Publié le 25 août 2019 par Antropologia

Canoë

Le canoë sur le toit de la voiture, Suzanne partait au petit bonheur la chance en direction du Sud de l’Espagne … Elle récupéra Jeff dans la petite bourgade de Sandwich à quelques miles de Douvres Elle venait du pays de Galles, lui de Southampton. Tous les deux étaient artistes, bohèmes par la force des choses. Plus que les tubes de peinture, c’est le canoë qui les avait rassemblés et le besoin vital de s’éloigner du monde bruyant de la ville pour retrouver celui bruissant de la rivière.

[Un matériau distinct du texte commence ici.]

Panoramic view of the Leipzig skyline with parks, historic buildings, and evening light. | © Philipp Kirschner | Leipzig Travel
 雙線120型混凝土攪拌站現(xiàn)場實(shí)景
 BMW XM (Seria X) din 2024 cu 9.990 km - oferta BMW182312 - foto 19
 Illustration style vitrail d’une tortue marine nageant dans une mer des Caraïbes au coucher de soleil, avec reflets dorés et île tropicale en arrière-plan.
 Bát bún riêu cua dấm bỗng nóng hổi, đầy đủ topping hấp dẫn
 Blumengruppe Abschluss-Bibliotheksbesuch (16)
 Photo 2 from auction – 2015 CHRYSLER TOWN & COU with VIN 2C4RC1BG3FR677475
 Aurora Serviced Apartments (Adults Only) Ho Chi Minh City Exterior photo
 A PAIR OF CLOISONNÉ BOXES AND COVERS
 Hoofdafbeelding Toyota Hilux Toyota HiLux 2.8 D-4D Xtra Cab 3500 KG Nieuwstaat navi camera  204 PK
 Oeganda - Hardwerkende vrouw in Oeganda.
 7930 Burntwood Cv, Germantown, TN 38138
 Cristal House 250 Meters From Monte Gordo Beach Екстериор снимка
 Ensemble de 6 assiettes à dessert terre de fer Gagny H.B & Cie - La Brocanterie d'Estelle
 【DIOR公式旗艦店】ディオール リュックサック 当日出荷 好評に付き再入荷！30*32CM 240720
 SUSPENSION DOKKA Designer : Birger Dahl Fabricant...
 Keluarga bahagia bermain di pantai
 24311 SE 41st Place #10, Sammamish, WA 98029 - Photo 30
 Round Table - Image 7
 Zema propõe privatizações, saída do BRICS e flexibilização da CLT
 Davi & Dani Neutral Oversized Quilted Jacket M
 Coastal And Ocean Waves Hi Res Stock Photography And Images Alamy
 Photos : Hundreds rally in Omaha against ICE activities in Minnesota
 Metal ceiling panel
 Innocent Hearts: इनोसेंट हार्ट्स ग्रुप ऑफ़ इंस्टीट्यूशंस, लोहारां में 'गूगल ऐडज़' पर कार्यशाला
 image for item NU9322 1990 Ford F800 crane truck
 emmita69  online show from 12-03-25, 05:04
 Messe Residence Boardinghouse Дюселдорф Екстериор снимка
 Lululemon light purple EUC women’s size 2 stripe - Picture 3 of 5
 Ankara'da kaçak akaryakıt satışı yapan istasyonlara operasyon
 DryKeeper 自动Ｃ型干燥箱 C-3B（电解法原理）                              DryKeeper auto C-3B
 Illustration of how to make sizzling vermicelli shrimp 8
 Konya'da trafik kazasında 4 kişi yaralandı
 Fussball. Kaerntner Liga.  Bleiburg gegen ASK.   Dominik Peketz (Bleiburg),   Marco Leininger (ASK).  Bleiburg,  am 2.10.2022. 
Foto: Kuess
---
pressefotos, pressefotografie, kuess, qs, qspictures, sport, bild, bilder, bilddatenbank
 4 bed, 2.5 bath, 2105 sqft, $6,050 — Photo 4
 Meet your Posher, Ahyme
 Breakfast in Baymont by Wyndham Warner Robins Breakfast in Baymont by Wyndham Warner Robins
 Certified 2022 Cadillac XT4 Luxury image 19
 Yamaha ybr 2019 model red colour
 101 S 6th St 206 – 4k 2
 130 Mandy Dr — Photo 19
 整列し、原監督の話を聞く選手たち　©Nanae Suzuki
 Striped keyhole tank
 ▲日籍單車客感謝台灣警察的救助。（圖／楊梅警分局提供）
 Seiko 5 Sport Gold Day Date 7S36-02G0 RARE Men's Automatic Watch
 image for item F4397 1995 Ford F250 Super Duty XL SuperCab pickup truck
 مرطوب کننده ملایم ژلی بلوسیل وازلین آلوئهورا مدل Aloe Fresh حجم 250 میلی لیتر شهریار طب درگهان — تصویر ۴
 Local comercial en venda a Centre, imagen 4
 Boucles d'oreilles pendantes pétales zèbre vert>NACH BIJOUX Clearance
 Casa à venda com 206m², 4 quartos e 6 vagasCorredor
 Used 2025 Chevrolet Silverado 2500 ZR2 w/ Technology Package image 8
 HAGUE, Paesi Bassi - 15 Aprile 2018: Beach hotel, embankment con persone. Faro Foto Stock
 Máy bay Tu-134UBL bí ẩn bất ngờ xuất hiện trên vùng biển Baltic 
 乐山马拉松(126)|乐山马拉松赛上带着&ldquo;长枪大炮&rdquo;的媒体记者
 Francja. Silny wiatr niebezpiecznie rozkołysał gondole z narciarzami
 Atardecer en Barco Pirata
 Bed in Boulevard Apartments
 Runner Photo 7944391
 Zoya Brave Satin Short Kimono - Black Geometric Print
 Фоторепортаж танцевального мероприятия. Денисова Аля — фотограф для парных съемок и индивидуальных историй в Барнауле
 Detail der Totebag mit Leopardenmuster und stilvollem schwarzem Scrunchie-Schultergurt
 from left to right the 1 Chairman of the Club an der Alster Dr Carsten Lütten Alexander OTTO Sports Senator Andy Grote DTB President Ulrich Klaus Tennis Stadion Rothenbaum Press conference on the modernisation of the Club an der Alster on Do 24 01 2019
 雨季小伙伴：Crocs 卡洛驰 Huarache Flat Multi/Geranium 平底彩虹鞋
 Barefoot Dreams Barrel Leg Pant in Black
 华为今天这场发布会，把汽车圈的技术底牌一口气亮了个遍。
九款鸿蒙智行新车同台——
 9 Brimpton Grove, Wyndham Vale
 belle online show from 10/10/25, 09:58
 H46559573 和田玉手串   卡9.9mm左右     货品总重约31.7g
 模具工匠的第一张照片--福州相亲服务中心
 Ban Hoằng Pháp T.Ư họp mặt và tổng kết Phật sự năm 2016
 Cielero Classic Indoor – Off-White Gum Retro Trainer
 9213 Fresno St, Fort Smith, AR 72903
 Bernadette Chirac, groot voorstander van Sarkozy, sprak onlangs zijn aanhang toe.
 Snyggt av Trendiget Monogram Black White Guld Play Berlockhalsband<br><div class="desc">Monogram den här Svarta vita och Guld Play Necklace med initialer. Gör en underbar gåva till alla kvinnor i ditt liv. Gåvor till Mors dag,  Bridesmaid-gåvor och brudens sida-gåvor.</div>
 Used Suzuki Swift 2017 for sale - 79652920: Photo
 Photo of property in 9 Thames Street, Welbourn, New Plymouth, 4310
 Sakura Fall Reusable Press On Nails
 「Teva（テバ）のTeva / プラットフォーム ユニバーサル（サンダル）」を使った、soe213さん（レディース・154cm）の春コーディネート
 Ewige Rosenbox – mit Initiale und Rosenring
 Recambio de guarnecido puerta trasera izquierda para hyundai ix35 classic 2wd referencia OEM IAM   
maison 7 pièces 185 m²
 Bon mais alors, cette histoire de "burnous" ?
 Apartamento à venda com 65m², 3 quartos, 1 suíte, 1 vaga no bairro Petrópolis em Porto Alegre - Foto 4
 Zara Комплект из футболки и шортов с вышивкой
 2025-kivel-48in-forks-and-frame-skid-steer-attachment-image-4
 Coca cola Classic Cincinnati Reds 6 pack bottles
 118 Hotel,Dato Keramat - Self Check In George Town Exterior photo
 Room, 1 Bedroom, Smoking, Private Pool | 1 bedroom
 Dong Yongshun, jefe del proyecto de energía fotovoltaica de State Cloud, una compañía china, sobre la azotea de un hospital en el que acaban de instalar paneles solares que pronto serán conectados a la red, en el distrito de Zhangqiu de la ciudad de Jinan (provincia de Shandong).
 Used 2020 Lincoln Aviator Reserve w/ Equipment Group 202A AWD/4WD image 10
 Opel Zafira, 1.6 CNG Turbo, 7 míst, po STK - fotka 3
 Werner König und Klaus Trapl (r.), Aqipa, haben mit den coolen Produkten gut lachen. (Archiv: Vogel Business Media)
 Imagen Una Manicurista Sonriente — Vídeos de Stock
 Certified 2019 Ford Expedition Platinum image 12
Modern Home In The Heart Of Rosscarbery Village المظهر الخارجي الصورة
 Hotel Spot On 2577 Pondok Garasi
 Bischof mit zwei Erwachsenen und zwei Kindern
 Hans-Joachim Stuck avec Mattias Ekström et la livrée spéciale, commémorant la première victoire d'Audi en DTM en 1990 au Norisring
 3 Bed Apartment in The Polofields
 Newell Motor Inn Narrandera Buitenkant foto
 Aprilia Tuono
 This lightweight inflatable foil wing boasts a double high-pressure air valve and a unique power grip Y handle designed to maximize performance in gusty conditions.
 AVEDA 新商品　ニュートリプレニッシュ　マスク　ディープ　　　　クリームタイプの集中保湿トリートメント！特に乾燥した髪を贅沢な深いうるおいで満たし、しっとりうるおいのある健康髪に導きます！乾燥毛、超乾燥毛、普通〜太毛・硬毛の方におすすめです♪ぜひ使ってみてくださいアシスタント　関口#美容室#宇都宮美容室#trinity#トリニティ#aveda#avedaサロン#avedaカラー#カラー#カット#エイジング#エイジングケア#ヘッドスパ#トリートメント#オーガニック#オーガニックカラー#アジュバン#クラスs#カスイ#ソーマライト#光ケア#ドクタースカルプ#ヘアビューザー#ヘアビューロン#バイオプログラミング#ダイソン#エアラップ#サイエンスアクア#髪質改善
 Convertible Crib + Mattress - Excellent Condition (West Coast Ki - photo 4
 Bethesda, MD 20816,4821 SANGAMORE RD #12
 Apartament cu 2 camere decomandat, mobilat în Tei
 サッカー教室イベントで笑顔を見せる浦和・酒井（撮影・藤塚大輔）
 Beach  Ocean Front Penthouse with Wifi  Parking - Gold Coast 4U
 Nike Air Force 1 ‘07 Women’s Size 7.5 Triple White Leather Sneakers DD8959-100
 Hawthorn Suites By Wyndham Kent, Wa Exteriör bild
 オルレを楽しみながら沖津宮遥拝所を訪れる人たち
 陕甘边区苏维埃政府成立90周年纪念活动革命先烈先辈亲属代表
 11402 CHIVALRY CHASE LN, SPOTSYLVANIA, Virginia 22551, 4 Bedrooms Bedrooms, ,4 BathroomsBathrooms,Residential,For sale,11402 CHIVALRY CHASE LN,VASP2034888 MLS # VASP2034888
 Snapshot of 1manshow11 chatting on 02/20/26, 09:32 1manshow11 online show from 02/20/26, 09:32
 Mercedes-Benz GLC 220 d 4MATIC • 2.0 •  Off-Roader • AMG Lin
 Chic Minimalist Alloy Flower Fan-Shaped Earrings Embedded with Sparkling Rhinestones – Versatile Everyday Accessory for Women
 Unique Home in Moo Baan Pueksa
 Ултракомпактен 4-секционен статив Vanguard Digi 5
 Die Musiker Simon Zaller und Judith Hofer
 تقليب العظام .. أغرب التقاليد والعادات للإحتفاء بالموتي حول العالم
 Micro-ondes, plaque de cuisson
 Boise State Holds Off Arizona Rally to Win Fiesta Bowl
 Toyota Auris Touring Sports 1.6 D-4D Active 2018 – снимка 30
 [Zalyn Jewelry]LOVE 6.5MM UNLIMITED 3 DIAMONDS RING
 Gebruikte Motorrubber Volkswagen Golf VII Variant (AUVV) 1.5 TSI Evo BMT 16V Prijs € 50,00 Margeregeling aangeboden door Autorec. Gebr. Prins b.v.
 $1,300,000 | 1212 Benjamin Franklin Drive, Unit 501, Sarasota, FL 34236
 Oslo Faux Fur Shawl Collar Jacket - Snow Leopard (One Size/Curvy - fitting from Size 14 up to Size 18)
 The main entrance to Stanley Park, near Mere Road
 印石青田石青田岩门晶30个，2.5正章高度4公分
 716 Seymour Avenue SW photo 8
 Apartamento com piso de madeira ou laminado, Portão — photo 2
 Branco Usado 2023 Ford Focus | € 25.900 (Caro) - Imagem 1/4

C’est une panne d’essence qui stoppa net leur envie de Galice et les immobilisa dans le Lot. Ils y découvrirent tout ce dont ils avaient besoin : calme, douceur des couleurs de la vallée et des reflets du Lot mêlée à la rudesse de sol granitique des Causses. Ils emménagèrent dans plusieurs maisons au gré des hébergements proposés gracieusement par les propriétaires. Ceux-ci, ravis de trouver des locataires prêts à occuper leur résidence secondaire pendant leur absence et suffisamment souples pour leur libérer dès qu’ils le souhaitaient.

Ils avaient bien essayé de retourner en Angleterre mais Suzanne avait fait une fausse couche pendant la traversée vers Douvres un jour de novembre et ce fut pour elle un signe. Ils s’établirent durablement en France et dans le Lot plus précisément. Ils eurent une fille puis deux et le garçon. Ils leur apprirent le canoë bien sûr mais aussi à jouer d’un instrument de musique pour se ressourcer les jours d’hiver et la botanique. Ensemble, Ils jardinèrent et créèrent au fil des saisons un petit jardin à la fois fouillé et raffiné. Ils ne pouvaient pas renier leurs racines anglaises quand celles-ci étaient d’aussi bonnes qualités !

C’est un jour de pluie que Suzanne eut l’idée : les enfants partis, ils devaient maintenant ouvrir la porte de leur maison pour exposer leurs œuvres « Les toiles ont besoin d’être vues, admirées pour rester vivantes ! » lui dit-elle. Jeff était toujours surpris de l’imagination de sa femme… C’est ce qu’il aimait en elle. Il n’aurait jamais pu imaginer ses toiles s’ennuyant dans l’obscurité de leur garage. En définitive, lui, se fichait de l’état d’âme de ses toiles, ce qu’il aimait lui, c’est prendre son canoë en toute saison plutôt tôt le matin ou tard en soirée et se coltiner avec la matière pour saisir toutes les variétés de tons de la nature et du miroitement de l’eau si calme du Lot.   Mais une fois la toile achevée… Elle devenait comme un outil supplémentaire à sa boite à outils de peintre et peut être une source de revenu.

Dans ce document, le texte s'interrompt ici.